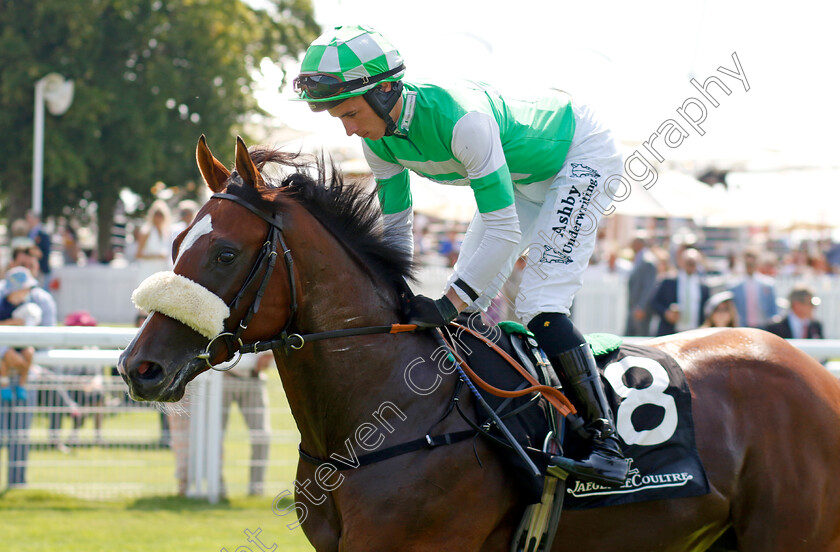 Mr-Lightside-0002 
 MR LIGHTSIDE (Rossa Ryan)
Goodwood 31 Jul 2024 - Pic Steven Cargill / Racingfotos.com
━━━━━━━━━━━━━━━━
AIM OF THE TASK: Exactly as written, restate the listing above with its pictures omitted.

ANSWER FOR THE TASK:
 Mr-Lightside-0002 
 MR LIGHTSIDE (Rossa Ryan)
Goodwood 31 Jul 2024 - Pic Steven Cargill / Racingfotos.com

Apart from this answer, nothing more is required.